La diferencia estriba en que a estos chicos les echaron el alto con lógica en el aeropuerto de Moscú por no llevar en regla los papeles de sus instrumentos –responsabilidad, por supuesto, no de los estudiantes, sino de quienes organizaron el viaje– y a mí en Madrid Barajas me paró los pies un Einstein de seguridad empeñado en que mi perfume Rive Gauche de Yves Saint Laurent (qepd) era un arma de destrucción masiva. Pero es que los del Este son muy raros.

Incentivos, 01.06.08

El asunto de los incentivos cuenta por estos lares con vistoso pedigrí. Los incentivos –espléndido eufemismo– existen desde tiempo inmemorial para conducir a las ovejas descarriadas al redil. Si son determinados ciudadanos quienes quieren obtener ciertas prebendas o resultados a cambio de favores o dineros, entonces la cosa se denomina soborno o corrupción, en sus diferentes modalidades y motivaciones. Por el contrario, si la misma actividad se ejerce desde cualquier Institución de esas que en España se escriben con mayúscula, entonces se habla de incentivos que constituyen un acicate para estimular el buen comportamiento de los ciudadanos. Por si alguien no distingue con claridad la diferencia, pondremos un ejemplo elemental, como de Barrio Sésamo: si papá le lleva al profe de latín un jamón para que apruebe a su niño, se trata evidentemente de soborno; cutre, pero soborno. Si en cambio es la Consejería de Educación la que ofrece a los profes 7000 euros por aprobar alumnos a pasto, entonces se trata de incentivo. Qué bien se explica Coco.

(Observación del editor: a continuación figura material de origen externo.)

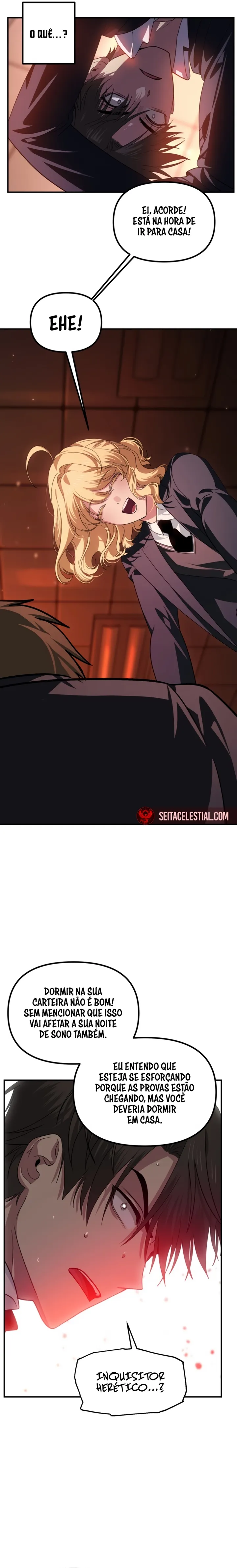 Read SSS Class Revival Hunter PT Manga Online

Por si alguien lo desconocía, ya hace años que existe en la Universidad un mecanismo que regula el número mínimo de aprobados por año académico. En cada Comunidad Autónoma hay ligeras variaciones en la aplicación de esta norma, pero en síntesis se trata de demostrar a los ojos de los europeos, siempre desconfiados, que los universitarios españoles son la caraba. Eso sí, al tiempo se regula la concesión de matrículas de honor, que no deben exceder de una o dos por curso, pues eso es menos dinerito que se ingresa en las arcas de nuestra Madre Nutricia. Así que la Consejería de Educación de Andalucía, que se conoce al dedillo lo que “mola” el sistema universitario, y que todavía está escocida por las orejas de burro que le colocó al alumnado andaluz el Informe PISA, consciente además de que el profesorado de Enseñanzas Medias es un poco díscolo porque lo tienen más achicharrado que a un ninot en la Nit de la Cremá, se acuerda del chollo de los incentivos y piensa: si les soltamos dinero a estos pardillos solucionamos velis nolis el analfabetismo de las aulas y cosechamos estómagos agradecidos. Como sigamos por esta vereda, no tardaremos en volver a los tiempos de las delaciones; perfectamente legales e incentivadas, por supuesto.
(En Cataluña ya han empezado, por cierto, a incentivar a los infantes las delaciones de los profes que no parlan catalá).